Satoru Fukayama; Takahiko Uchide; Haruo Horikawa; Takahiro Shiina; Hiroki Kuroda; Jun Ogata

11:30 AM - 11:45 AM

[SCG51-09] Detecting amplitude anomaly of seismograms with probabilistic model of spectral descriptors

*Satoru Fukayama¹, Takahiko Uchide¹, Haruo Horikawa¹, Takahiro Shiina¹, Hiroki Kuroda², Jun Ogata¹ (1.National Institute of Advanced Industrial Science and Technology (AIST), 2.Ritsumeikan University)

Keywords:Seismometer, Anomaly Detection, Machine Learning

We propose a method for detecting amplitude anomalies of seismometers from a single event at a single station. Detecting amplitude anomalies enables faster recovery of failed seismometers, whereas amplitude anomalies are easily identified by observing multiple events over a long period. Our method detects anomalies by training a probabilistic model of features representing the spectral shape and achieves a detection performance of AUC=0.93 (F1=0.905) using 10-dimensional features for each axis (NS, EW, UD) of the velocity waveform.

We define the amplitude anomaly of a seismometer when the amplitudes of seismograms are significantly different from the expected amplitudes (e.g., more than ten times or less than 0.1 times). Existing studies of seismometer anomaly detection include research using the amplitude ratio and cross-correlation coefficients of co-located broadband and strong-motion seismometers (Li et al., 2019), and research that utilized feature selection and outlier detection to achieve the detection performance of F1=0.9 or better using 0.2 Hz value of the amplitude spectrum (Zaccarelli et al., 2021). We show that our approach can also achieve comparable performance (F1=0.905) as existing studies.
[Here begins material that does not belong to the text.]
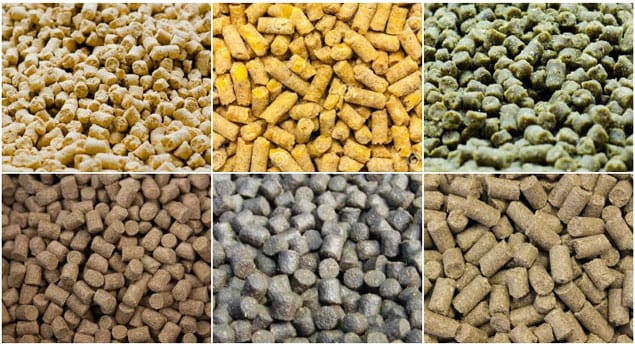 Simple method for removing aflatoxin in animal feed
Since an amplitude anomaly changes the shape of the amplitude spectrum, a probabilistic model of the spectral shape can be used to detect amplitude anomalies. Therefore, we conducted experiments to verify the usefulness of the probabilistic model that uses spectral descriptors, which are indicators of the shape of the amplitude spectrum. After applying a Hamming window to the velocity waveform (300 seconds) on each axis of the seismic event, our method calculated the amplitude spectrum and the spectral descriptors within 0.02-10.0 Hz bandwidth. The spectral descriptors are the 10-dimensional feature including Spectral Centroid, Spectral Spread, Spectral Skewness, Spectral Kurtosis, Spectral Entropy, Spectral Flatness, Spectral Crest, Spectral Slope, Spectral Decrease, and Spectral Rolloff Point (85%).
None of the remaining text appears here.